**Instructions for the task:** Only one span is wanted from the lines below: from the one with "Minimalist 925 Sterling" up to and including the one with "Louislifebliss Photocards กล่องเก็บของสติกเกอร์โปร่งใสเกาหลี". Copy it exactly, without images.

**Given information:**
*** Block opens ***
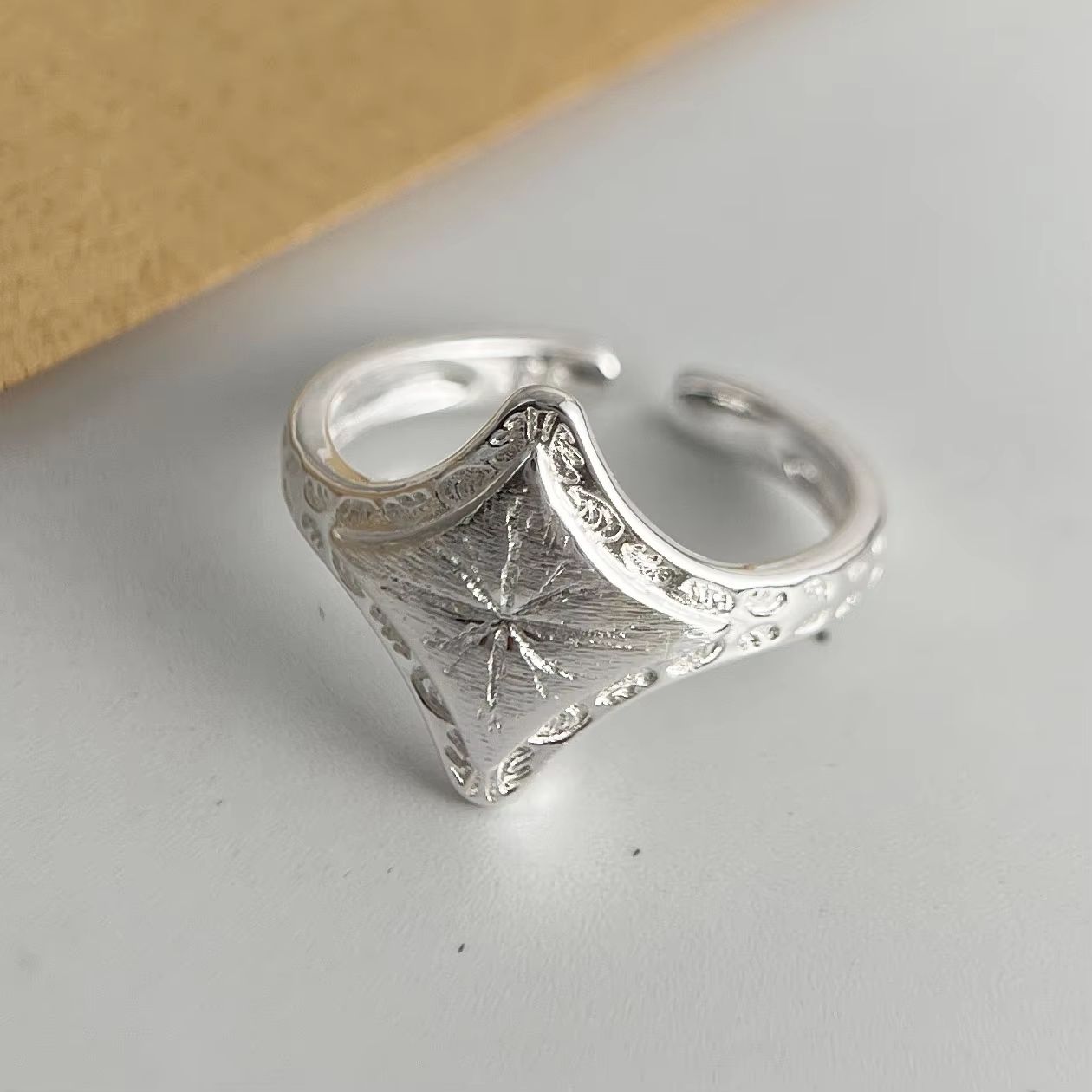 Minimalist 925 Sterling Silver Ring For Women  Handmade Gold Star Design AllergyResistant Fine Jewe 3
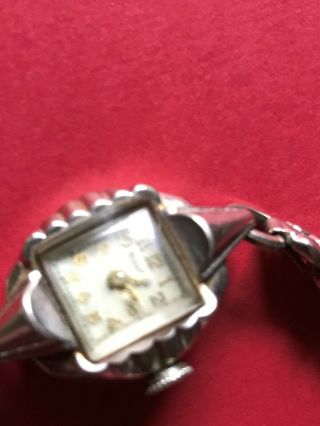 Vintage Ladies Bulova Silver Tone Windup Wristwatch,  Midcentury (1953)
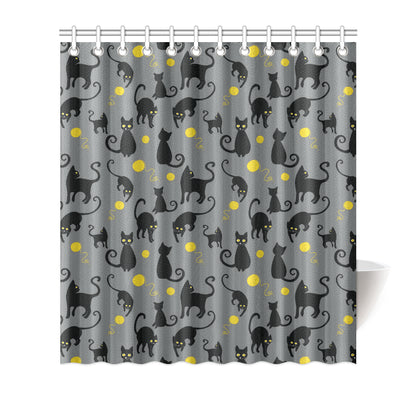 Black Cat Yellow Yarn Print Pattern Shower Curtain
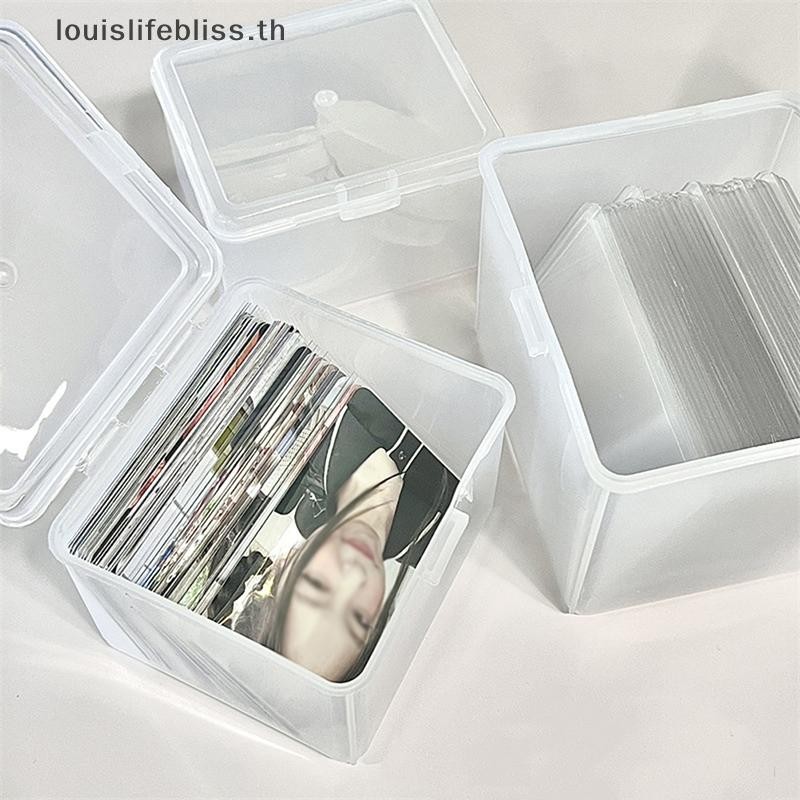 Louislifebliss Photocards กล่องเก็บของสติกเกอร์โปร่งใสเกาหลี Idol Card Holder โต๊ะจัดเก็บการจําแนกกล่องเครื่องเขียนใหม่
*** Block closes ***
*** Block opens ***
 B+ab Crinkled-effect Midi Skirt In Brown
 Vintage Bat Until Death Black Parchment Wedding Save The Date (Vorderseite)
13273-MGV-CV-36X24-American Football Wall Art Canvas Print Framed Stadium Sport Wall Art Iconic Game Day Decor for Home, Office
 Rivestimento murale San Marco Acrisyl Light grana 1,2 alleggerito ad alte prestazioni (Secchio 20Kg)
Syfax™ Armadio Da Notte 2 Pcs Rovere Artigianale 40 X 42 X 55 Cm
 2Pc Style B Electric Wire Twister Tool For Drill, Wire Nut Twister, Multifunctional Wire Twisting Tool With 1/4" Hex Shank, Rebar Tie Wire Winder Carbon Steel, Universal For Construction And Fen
*** Block closes ***
**Result:**
 Minimalist 925 Sterling Silver Ring For Women  Handmade Gold Star Design AllergyResistant Fine Jewe 3
 Vintage Ladies Bulova Silver Tone Windup Wristwatch,  Midcentury (1953)
 Black Cat Yellow Yarn Print Pattern Shower Curtain
 Louislifebliss Photocards กล่องเก็บของสติกเกอร์โปร่งใสเกาหลี Idol Card Holder โต๊ะจัดเก็บการจําแนกกล่องเครื่องเขียนใหม่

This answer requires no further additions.